Фрэнк вытаращил глаза и расхохотался так заразительно, что фотографу оставалось только последовать его примеру. Я напомнила Фрэнку насчет записки к миссис Серано, и, присев на край моего стола, он тут же написал требуемый текст.

3

Почтовые ящики в холле были выкрашены в бурый цвет, и, хотя я ничего ниоткуда не ждала, я по привычке заглянула в свой ящик. Опять рекламные проспекты – самая нужная вещь для заворачивания кое-каких видов мусора; правда, некоторые норовят печатать на такой плотной бумаге, что в нее даже при всем желании ничего не завернешь. Закрыв ящик, я повернулась и нос к носу столкнулась с миссис Миллер. Она была в своем неизменном темно-синем платье – старые жильцы уверяли, что она носит его уже третий год подряд. На груди была приколота золотая брошка в стиле модерн, с мелкими изумрудами и рубинами. Миссис Миллер смерила меня взглядом, от которого даже кислое молоко стало бы еще кислее; но даже такой взгляд не мог испортить моего беспричинно хорошего настроения.

– Здравствуйте, миссис Миллер, – сказала я с широкой улыбкой.

– Хм, – буркнула старая ведьма. – Неужели вы его встретили?

– Кого? – удивилась я.

– Мужчину своей мечты, кого же еще, – презрительно ответила миссис Миллер. – И не отрицайте: увяз коготок, увяз! Светитесь так, что спички зажгутся от одного вашего присутствия.

Я набрала воздуху в грудь.

– Миссис Миллер, – выпалила я, стараясь говорить как можно тверже, – вам не кажется, что это вас никоим образом не касается?

– Меня все касается, – сухо отозвалась старая ведьма. – Аборты слишком дорого обходятся, и если вы натворите глупостей, то не сможете в срок заплатить за квартиру.

– Миссис Миллер! – Я вспыхнула.

– Мисс Коротич, я давно за вами наблюдаю, и до сих пор, – хрюкнула эта гадюка в человеческом обличье, – вы не давали поводов для нареканий. У вас есть голова на плечах, и если я так говорю, значит, так оно и есть. Но вы еще слишком молоды, и я советую вам не вестись на сказочки о вечной любви и прочую чушь.

– Между прочим, если вам так хочется знать, – сердито сказала я, – я всего лишь была у портнихи! Заказывала платье!

– Вам не нужно платье, – парировала миссис Миллер. – Ваше лучшее украшение – молодость, оно говорит само за себя. Но смотрите, чтобы оно не обратилось против вас!

Смерив меня на прощание пронизывающим взглядом, она проплыла мимо, а я осталась стоять на месте, бессильно чертыхаясь про себя. Господи, неужели у меня на лице и впрямь написано, что мне понравился Джонни Серано, и это настолько легко понять постороннему человеку?

Я вошла в лифт и попросила старого лифтера поднять меня на третий этаж.

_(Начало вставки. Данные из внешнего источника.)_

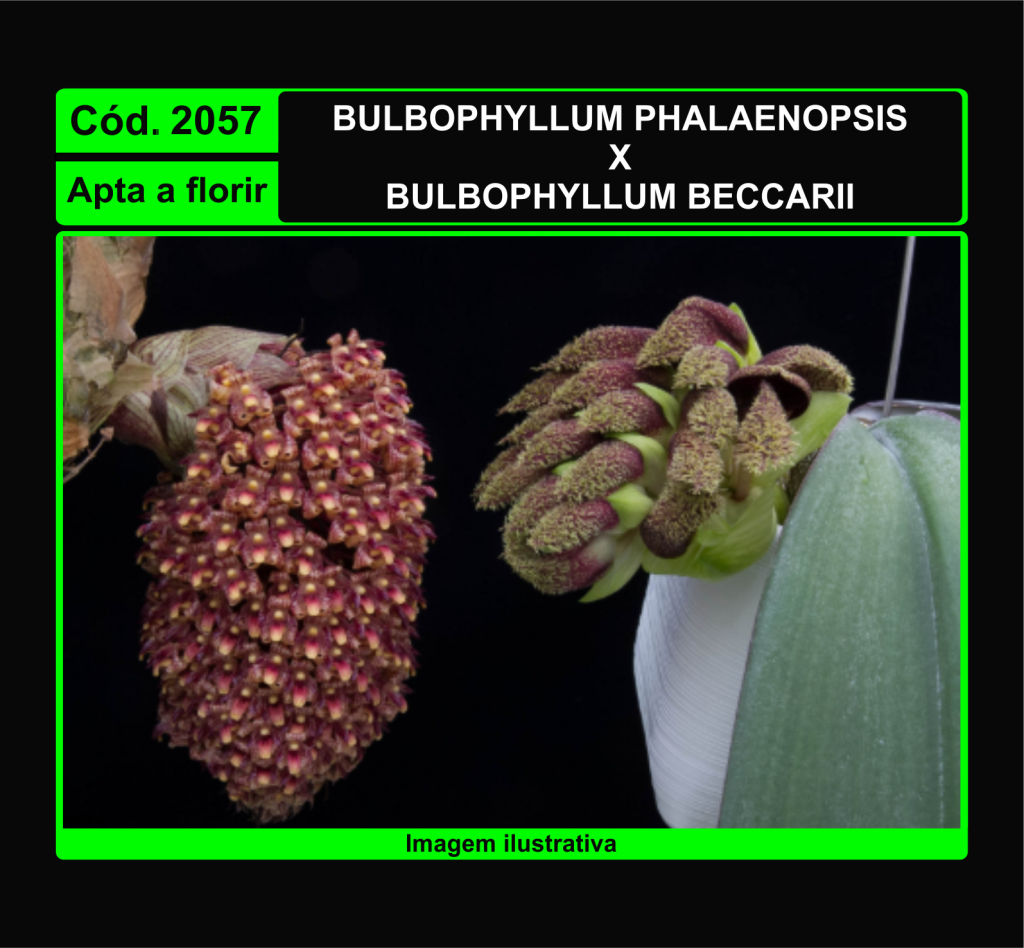 BULBOPHYLLUM PHALAENOPSIS X BECCARII 2057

– Что-то миссис Миллер сегодня не в настроении, – не удержалась я, когда он закрыл дверцы и мы остались вдвоем в кабине.

– Она всегда не в настроении, – равнодушно ответил лифтер.

Когда я вышла на своем этаже, из дверей квартиры напротив тотчас выглянула миссис Грей, жена мелкого клерка. На голове у нее красовались огромные бигуди. Миссис Грей славилась своей страстью к сплетням и всегда искренне удивлялась, почему меня не интересуют подробности жизни моих соседей. Я поздоровалась с ней, зашла в свою квартиру и закрыла дверь.

Мое жилище было рассчитано на одного человека и состояло из крошечной кухни, микроскопической ванной и комнаты, совмещавшей спальню, гостиную и все, что угодно – кроме, разумеется, гаража. Кровать, к счастью, была нормальная, не из тех, что поднимаются и убираются в стену. Пишущая машинка занимала треть старого стола. Еще треть делили кое-какие книги (большинство на русском языке), канцелярские принадлежности, ваза, шкатулочка с разными мелочами и флакончик дешевых духов, потому что дорогие были мне не по карману. Высокий шкаф при прежнем жильце совмещал функции гардероба и помойки, в которую тот совал опустошенные им бутылки из-под джина. При мне шкаф вернулся к своим нормальным обязанностям: я хранила в нем одежду, а наверх закинула коричневый чемодан, в котором в то время могли уместиться почти все мои вещи. На тумбочке стоял телефон, обычный для того времени – без диска, с разделенными микрофоном и наушником. Если вы хотели куда-то позвонить, надо было называть номер телефонистке. В доме, где я жила раньше, телефон был общий и висел на лестничной клетке, что порождало массу неудобств, так что я решила, что в следующий раз сниму квартиру с отдельным аппаратом. Машинисткам никогда не платили много, но я подрабатывала перепечаткой и экономила на всем, на чем только можно, чтобы оплачивать жилье в срок. Окна квартиры выходили не на шумный бульвар, а в тихий двор, что меня более чем устраивало. На крашеных стенах не было ни одной картины, ни одной фотографии – ничего.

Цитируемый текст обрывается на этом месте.